Bank of America Corporation (BAC), the third-largest U.S. bank, said it is working on a plan to eliminate 30,000 to 35,000 positions over the next three years reflecting the pending merger with Merrill Lynch (MER) and the persistent weak economic environment.
The job cuts, which according to the bank will not be determined until early 2009, will be nationwide and will affect primarily those areas where the companies have significant overlap, such as staff support. Bank of America expects cuts to be made in all parts of the business and as many as possible will be generated by attrition. Severance and other benefits will be provided for those associates whose jobs are eliminated and who cannot be offered another position, North Carolina-based bank said in a statement today. BofA also noted that the reductions are designed to eliminate redundancies created as a result of the merger with Merrill and to reflect the current recessionary environment.

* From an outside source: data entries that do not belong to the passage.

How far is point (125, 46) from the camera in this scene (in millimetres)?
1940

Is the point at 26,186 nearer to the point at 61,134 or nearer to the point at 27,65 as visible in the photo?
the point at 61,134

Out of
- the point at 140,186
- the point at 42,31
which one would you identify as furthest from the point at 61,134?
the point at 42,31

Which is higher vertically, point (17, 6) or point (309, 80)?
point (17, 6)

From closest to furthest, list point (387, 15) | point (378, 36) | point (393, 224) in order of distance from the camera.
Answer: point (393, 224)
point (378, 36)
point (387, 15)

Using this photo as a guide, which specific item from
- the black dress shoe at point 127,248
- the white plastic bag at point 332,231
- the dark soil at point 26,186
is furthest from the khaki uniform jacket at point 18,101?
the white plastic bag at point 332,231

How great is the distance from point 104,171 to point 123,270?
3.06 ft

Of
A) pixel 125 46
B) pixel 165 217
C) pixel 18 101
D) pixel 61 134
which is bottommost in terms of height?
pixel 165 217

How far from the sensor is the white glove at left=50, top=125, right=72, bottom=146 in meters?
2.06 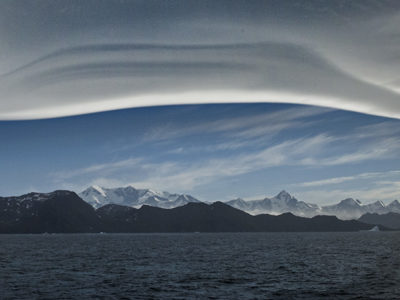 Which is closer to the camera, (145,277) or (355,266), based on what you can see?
(145,277)

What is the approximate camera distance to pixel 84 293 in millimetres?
55219

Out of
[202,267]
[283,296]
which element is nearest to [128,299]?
[283,296]

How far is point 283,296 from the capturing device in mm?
53594

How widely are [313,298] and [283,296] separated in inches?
146

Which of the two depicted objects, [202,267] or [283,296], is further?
[202,267]

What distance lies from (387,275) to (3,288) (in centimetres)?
6267

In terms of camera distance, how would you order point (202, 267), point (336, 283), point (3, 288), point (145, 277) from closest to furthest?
1. point (3, 288)
2. point (336, 283)
3. point (145, 277)
4. point (202, 267)

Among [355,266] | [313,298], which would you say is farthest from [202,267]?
[313,298]

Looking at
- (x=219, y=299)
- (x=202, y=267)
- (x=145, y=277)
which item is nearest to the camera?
(x=219, y=299)

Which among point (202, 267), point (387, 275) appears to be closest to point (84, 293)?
point (202, 267)

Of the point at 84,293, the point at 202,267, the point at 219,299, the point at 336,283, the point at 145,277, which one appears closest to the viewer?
A: the point at 219,299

The companies have a combined workforce of around 307,000 people, including approx. 60,000 at New York-based Merrill Lynch. Today’s announcement represents a workforce reduction of around 11%.
Bank of America continues to do business with all of its client segments and actively originates loans through all of its credit product lines. But, despite its healthier state than many of its rivals, the firm still had to tap the TARP program, set up by the US Treasury Dept. to recapitalise banks’ bleeding balance sheets. The bank has so far received $15 bln from the $700 bln Troubled Asset Relief Program and a further $10 bln from investors.
BofA is the latest firm to announce a workforce reduction. Citigroup Inc. (C) is planning to eliminate 52,000 jobs in fiscal ’09.
BAC fell 11% to $14.91 today in NYSE trading, and has dropped nearly 65% this year.